From the line that contains "Boxing News Clipping" to the last line of the data below, transcribe every line exactly. Do not include the pictures.

Record excerpts START

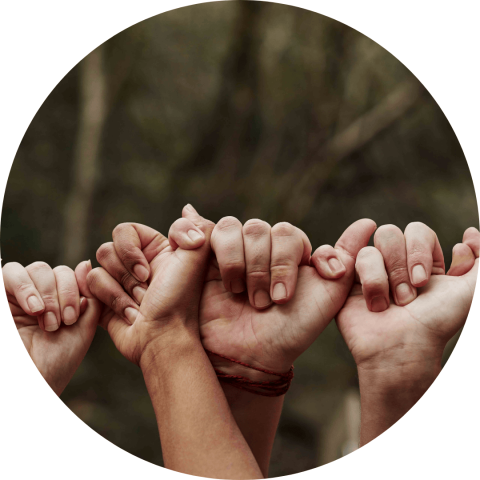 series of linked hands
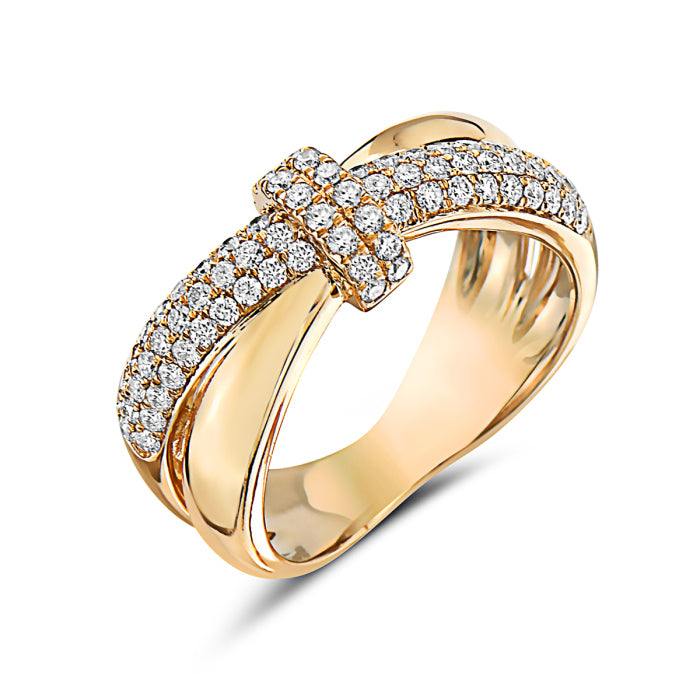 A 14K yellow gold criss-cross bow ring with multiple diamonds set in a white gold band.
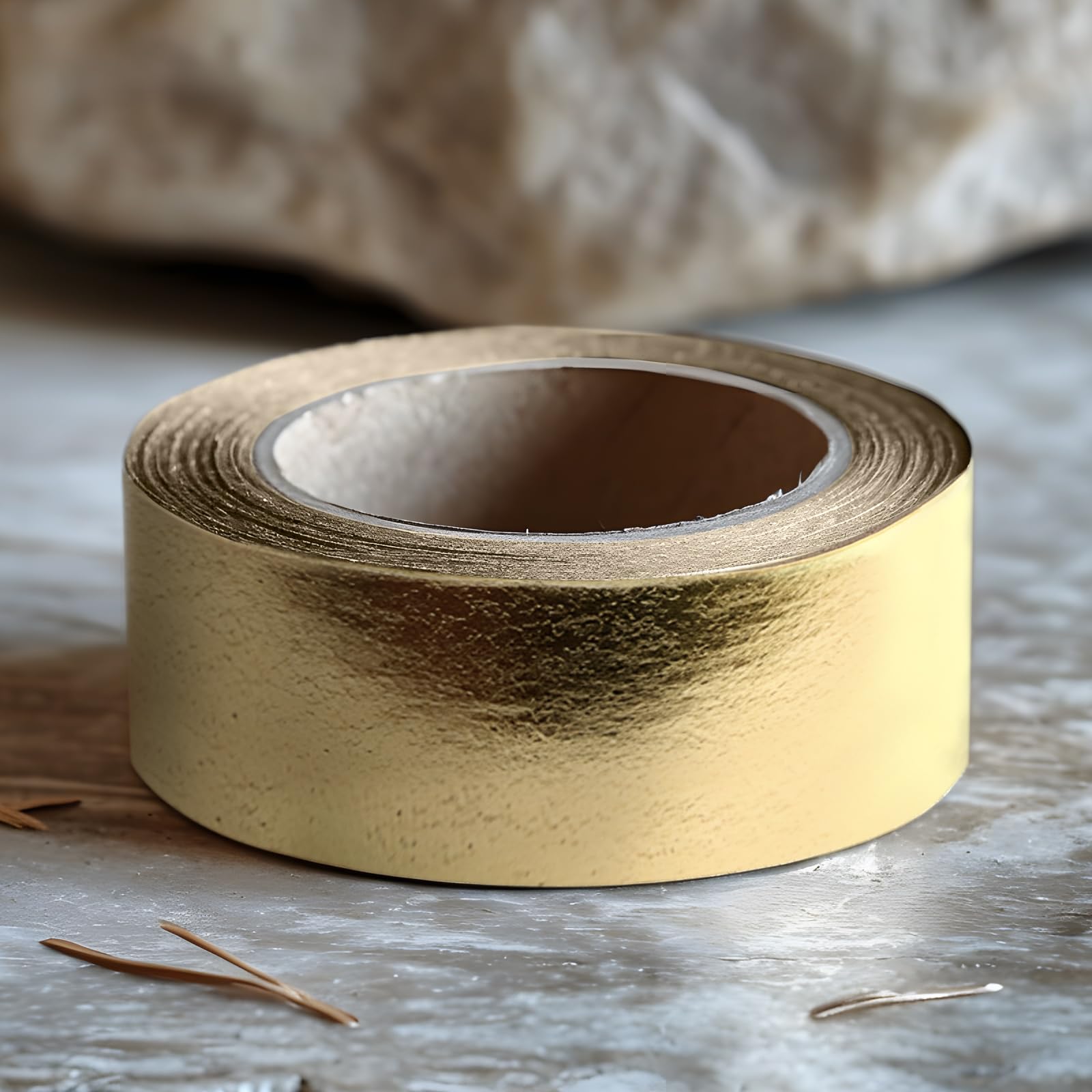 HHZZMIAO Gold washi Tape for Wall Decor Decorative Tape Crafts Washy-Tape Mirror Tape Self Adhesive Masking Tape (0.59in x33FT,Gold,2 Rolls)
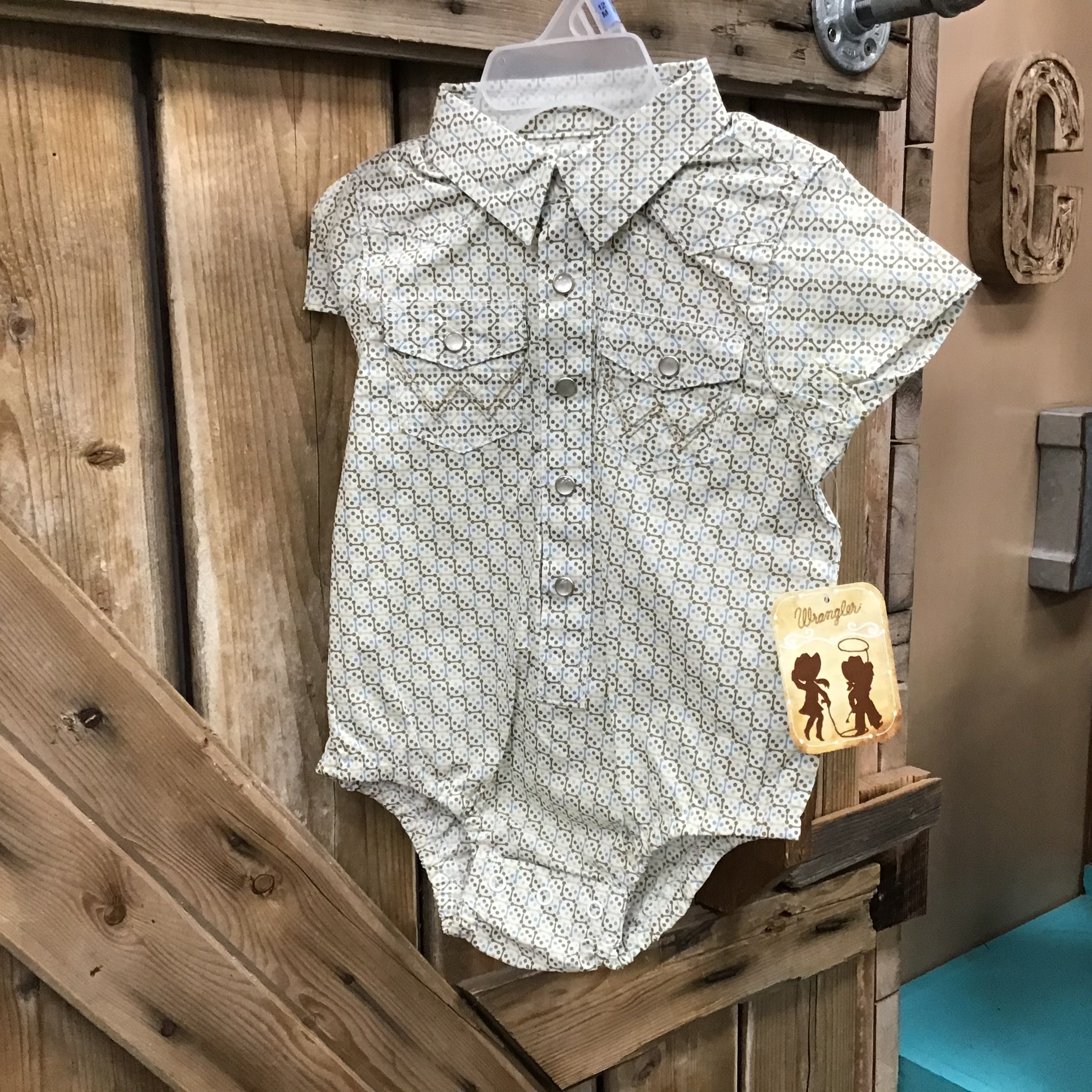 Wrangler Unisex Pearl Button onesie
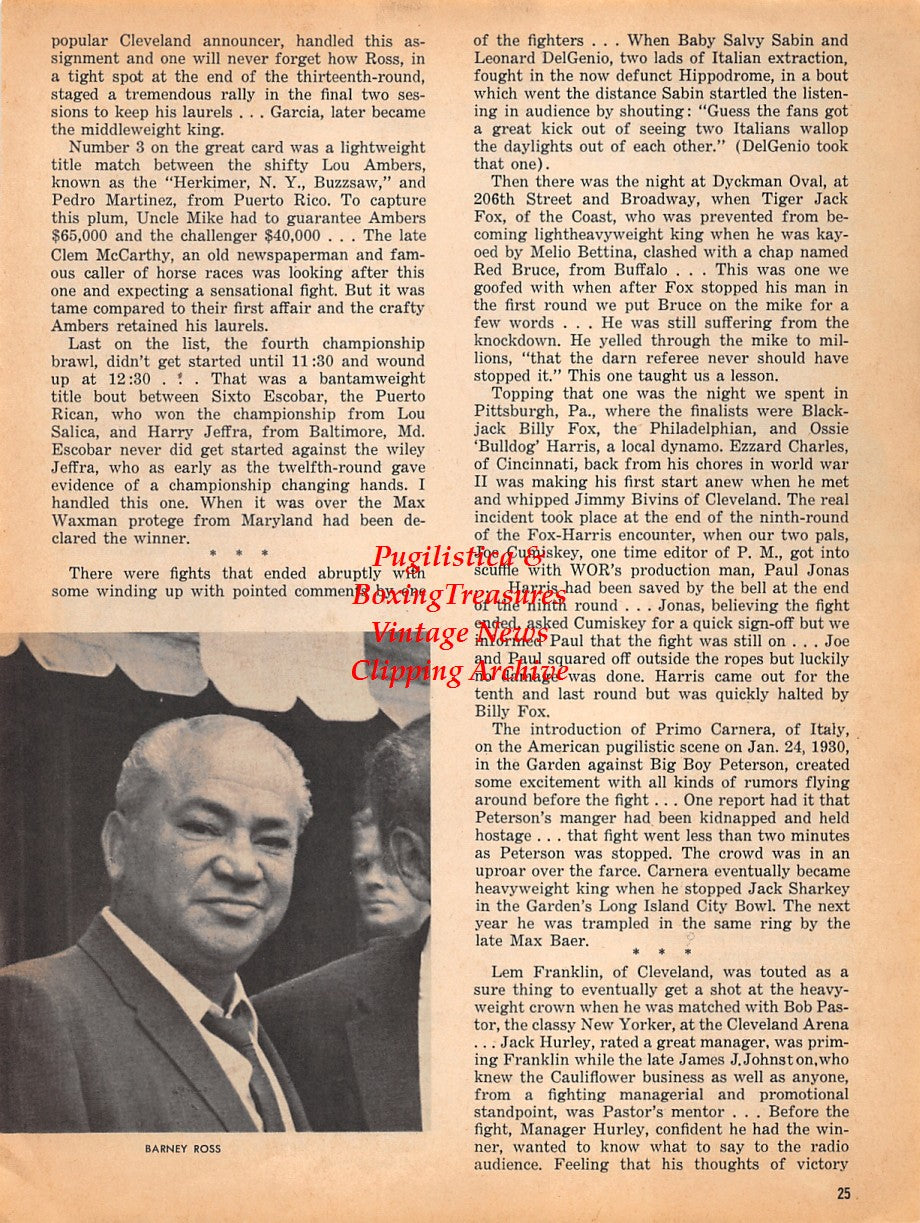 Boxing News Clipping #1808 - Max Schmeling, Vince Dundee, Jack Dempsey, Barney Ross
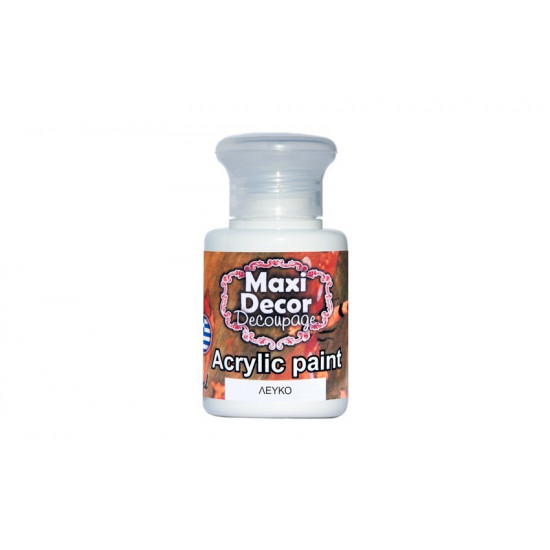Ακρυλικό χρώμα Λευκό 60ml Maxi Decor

Record excerpts END

> _Solution to this exercise_
 Boxing News Clipping #1808 - Max Schmeling, Vince Dundee, Jack Dempsey, Barney Ross
Ακρυλικό χρώμα Λευκό 60ml Maxi Decor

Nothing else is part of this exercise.